§ Aim of the task
Your copy should match the records below exactly, except for the pictures.

§ Material provided
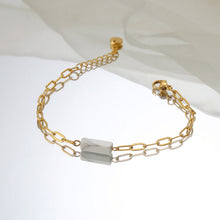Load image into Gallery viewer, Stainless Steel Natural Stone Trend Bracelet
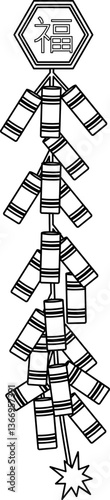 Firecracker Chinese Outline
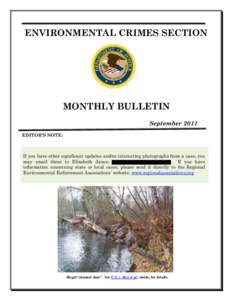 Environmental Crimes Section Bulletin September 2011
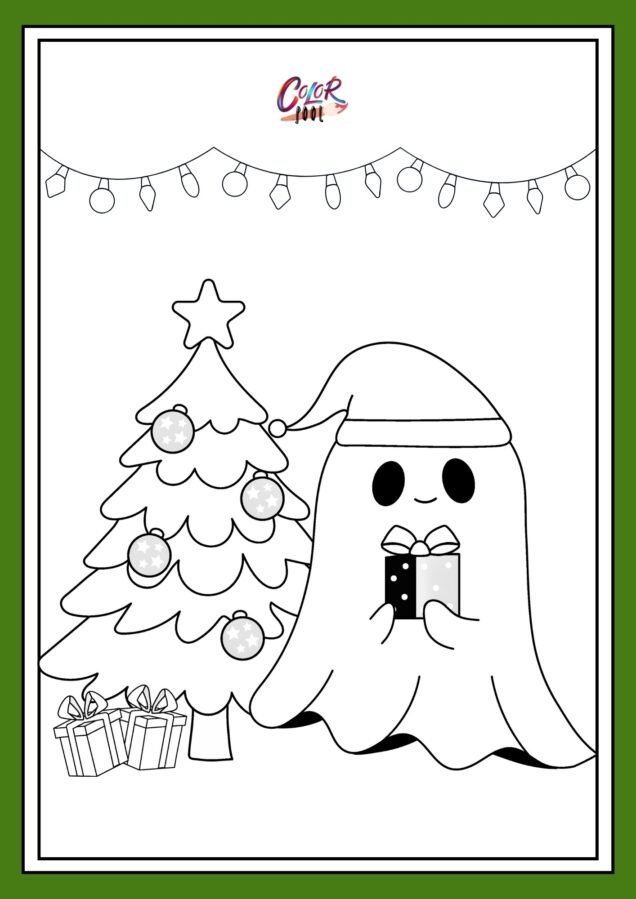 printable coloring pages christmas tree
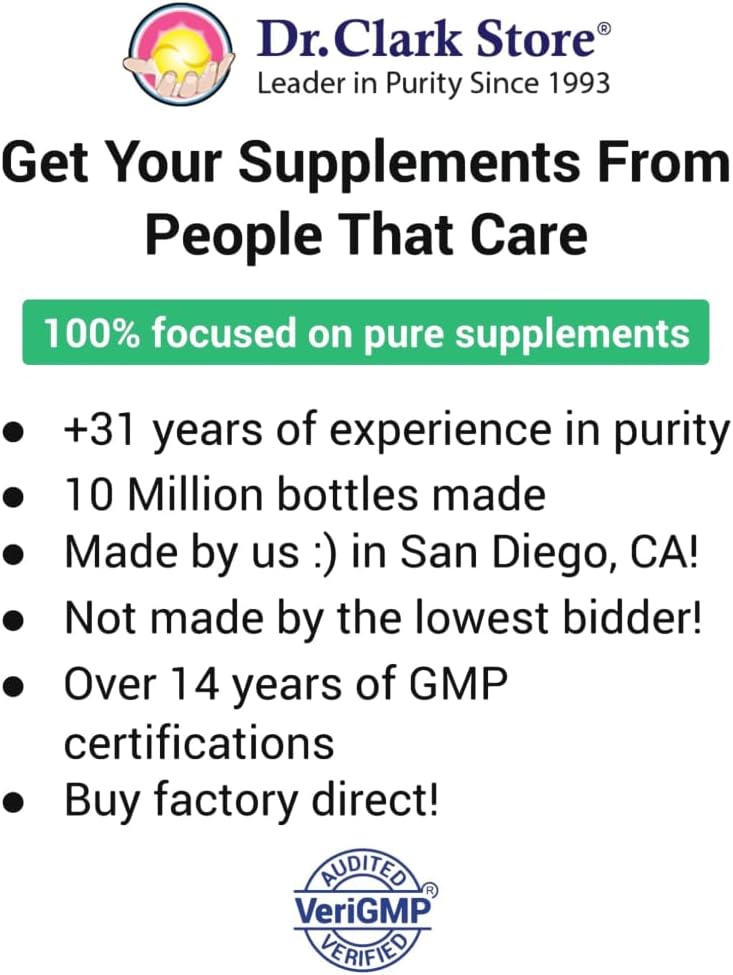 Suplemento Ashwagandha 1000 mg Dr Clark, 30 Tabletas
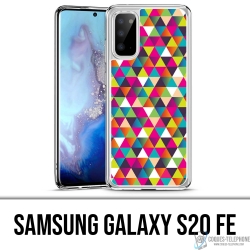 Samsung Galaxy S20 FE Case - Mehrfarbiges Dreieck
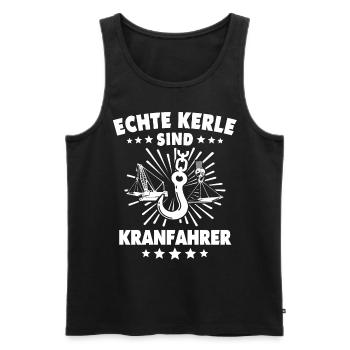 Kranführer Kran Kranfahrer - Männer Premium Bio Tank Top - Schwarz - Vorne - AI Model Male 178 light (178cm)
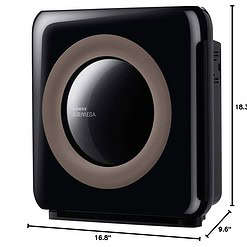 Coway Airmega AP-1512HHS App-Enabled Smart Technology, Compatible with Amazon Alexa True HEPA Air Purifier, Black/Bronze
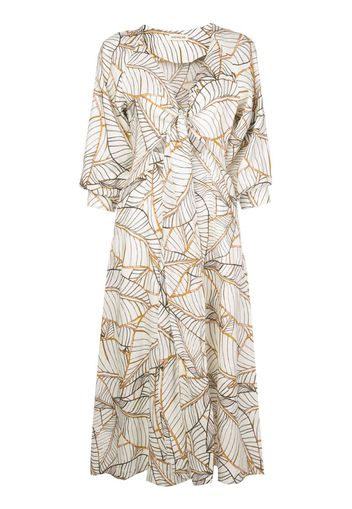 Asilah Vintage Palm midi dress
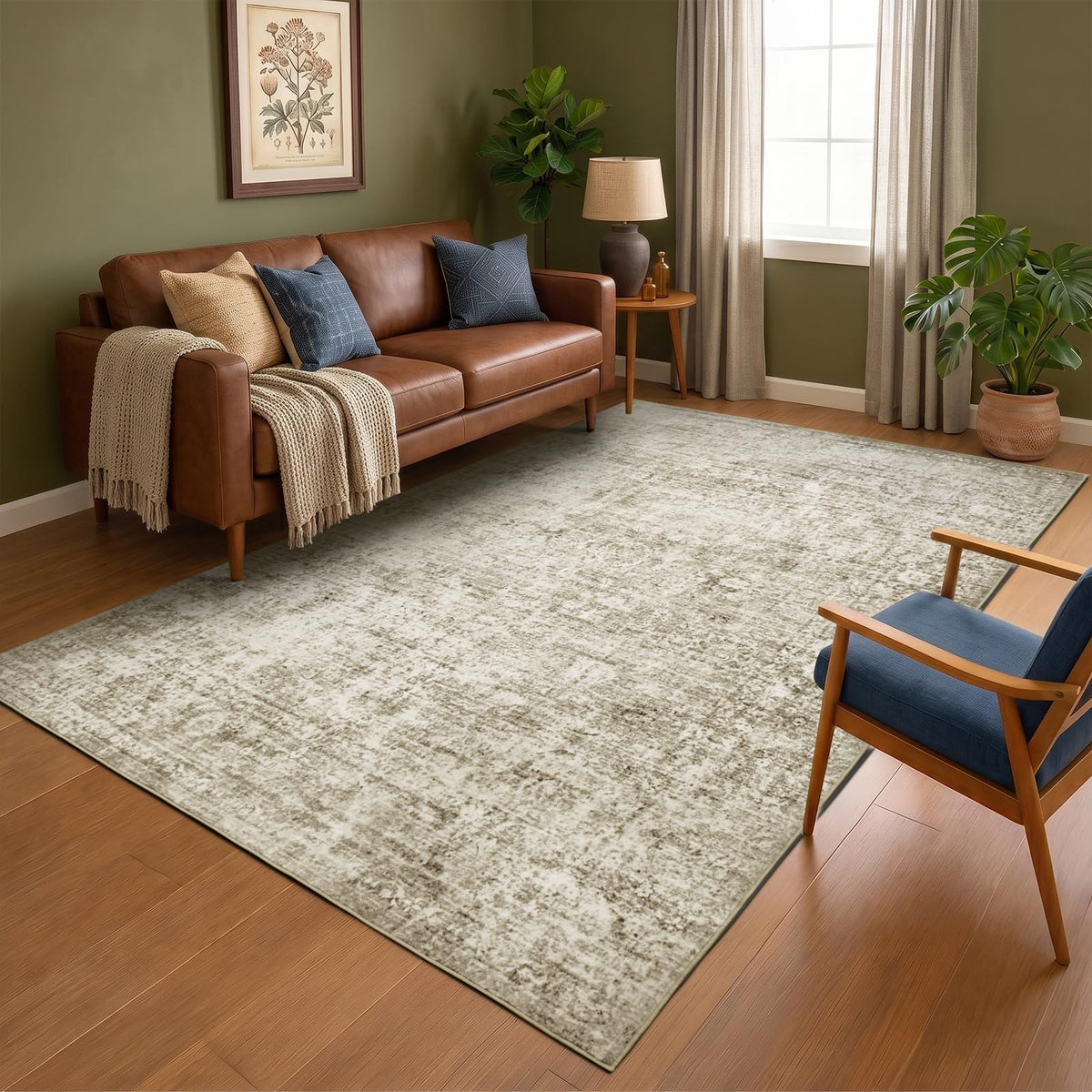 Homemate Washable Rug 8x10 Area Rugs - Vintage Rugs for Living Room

§ Task output
Load image into Gallery viewer, Stainless Steel Natural Stone Trend Bracelet
 Firecracker Chinese Outline
 Environmental Crimes Section Bulletin September 2011
 printable coloring pages christmas tree
 Suplemento Ashwagandha 1000 mg Dr Clark, 30 Tabletas
 Samsung Galaxy S20 FE Case - Mehrfarbiges Dreieck
 Kranführer Kran Kranfahrer - Männer Premium Bio Tank Top - Schwarz - Vorne - AI Model Male 178 light (178cm)
 Coway Airmega AP-1512HHS App-Enabled Smart Technology, Compatible with Amazon Alexa True HEPA Air Purifier, Black/Bronze
 Asilah Vintage Palm midi dress
 Homemate Washable Rug 8x10 Area Rugs - Vintage Rugs for Living Room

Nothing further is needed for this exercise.